Segment Open

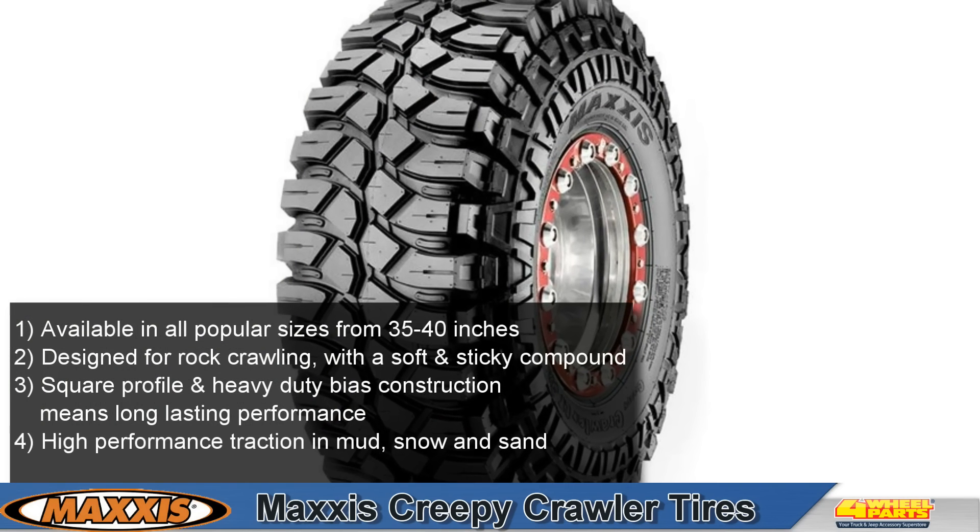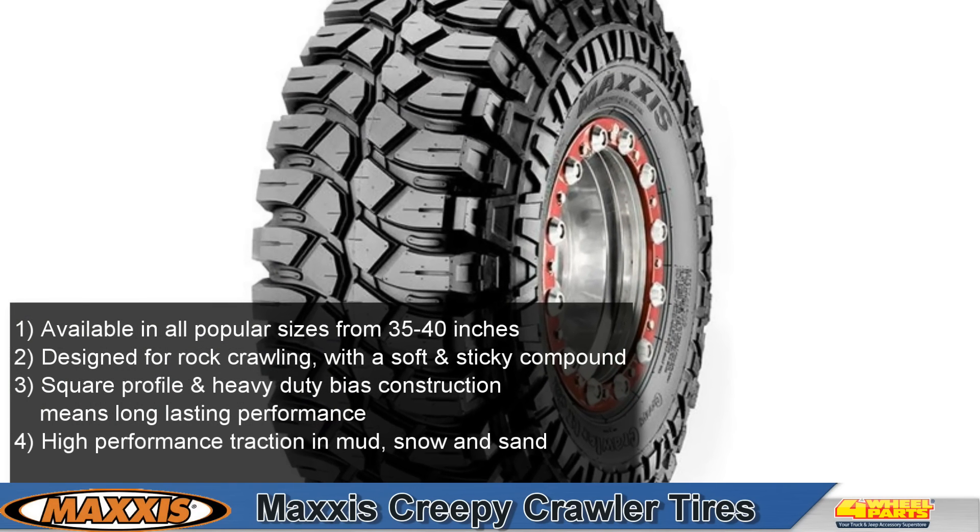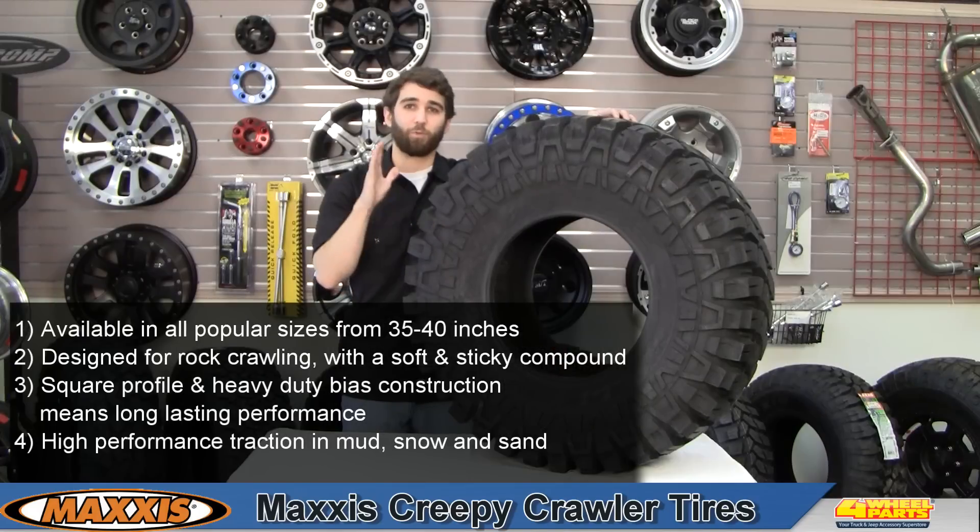Even if you don't like spending time in the rocks, these extra large shoulder lugs provide grip in mud and snow. Whether you're a weekend warrior or a competitive rock crawler, this tire will provide durability you can count on and high performance grip.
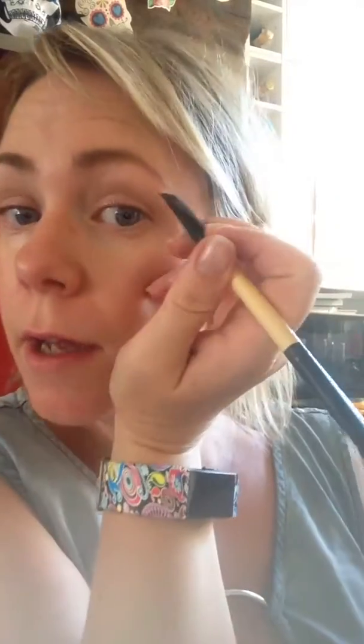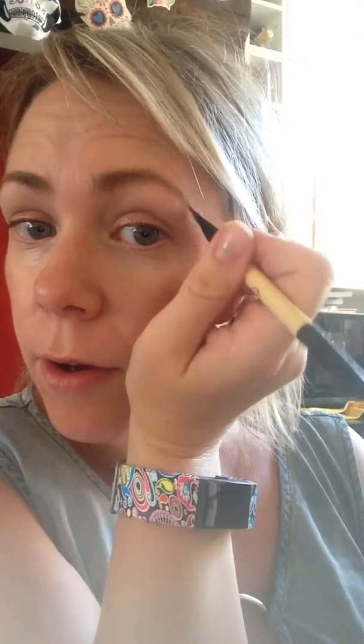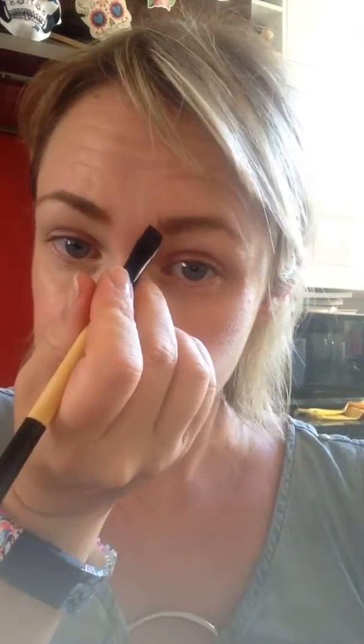So both brows are done with the stencils. You can then add more length if you want to, and just tailor it to what you're used to. But as you can see, it's very quick and easy to use.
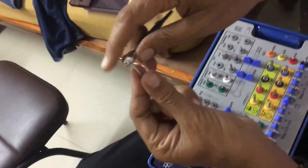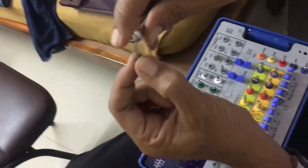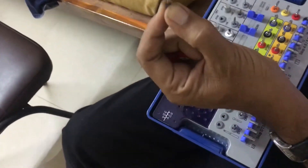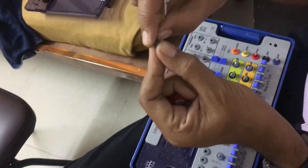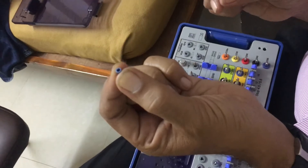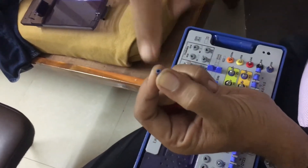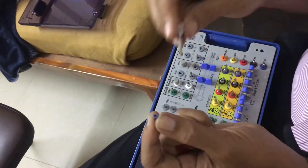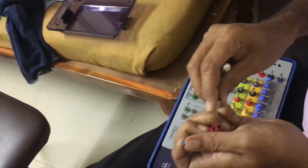Now you have to see that the implant and the bone are at the same level. Fix it properly — there should not be any threads visible outside. The threads should be completely buried into the bone. So you have completed the procedure of implanting.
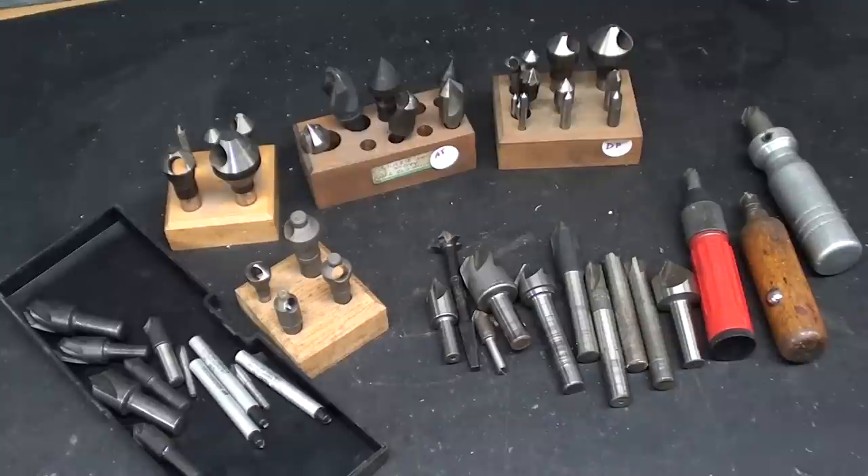Howdy again, this is Mr. Pete, your interweb shop teacher, and this is short subject number 34, entitled Countersinks Explained.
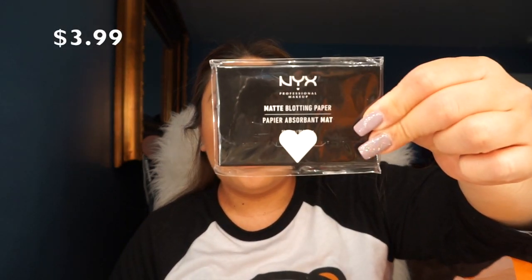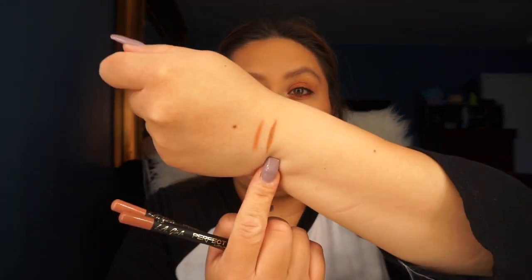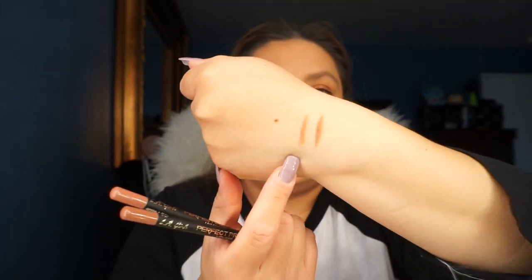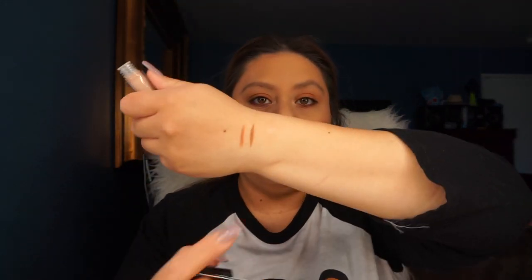I also picked up the NYX Matte Blotting Papers, just to try them out. The last products that I got are the LA Girl Precision Lip Liners — I got two colors: Flesh and Bare. Flesh looks a little more pinky. Then I got an Elf Lip Pump Plumping Gloss in the color Peach Balani — it's just clear, nothing major.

Segment Closed

## Activity
Make an exact copy of the lines from the one holding "Now you have" through the end of the material, both ends included, and keep the pictures out of it.

## Answer section
Now you have to see that the implant and the bone are at the same level. Fix it properly — there should not be any threads visible outside. The threads should be completely buried into the bone. So you have completed the procedure of implanting.
Howdy again, this is Mr. Pete, your interweb shop teacher, and this is short subject number 34, entitled Countersinks Explained.
I also picked up the NYX Matte Blotting Papers, just to try them out. The last products that I got are the LA Girl Precision Lip Liners — I got two colors: Flesh and Bare. Flesh looks a little more pinky. Then I got an Elf Lip Pump Plumping Gloss in the color Peach Balani — it's just clear, nothing major.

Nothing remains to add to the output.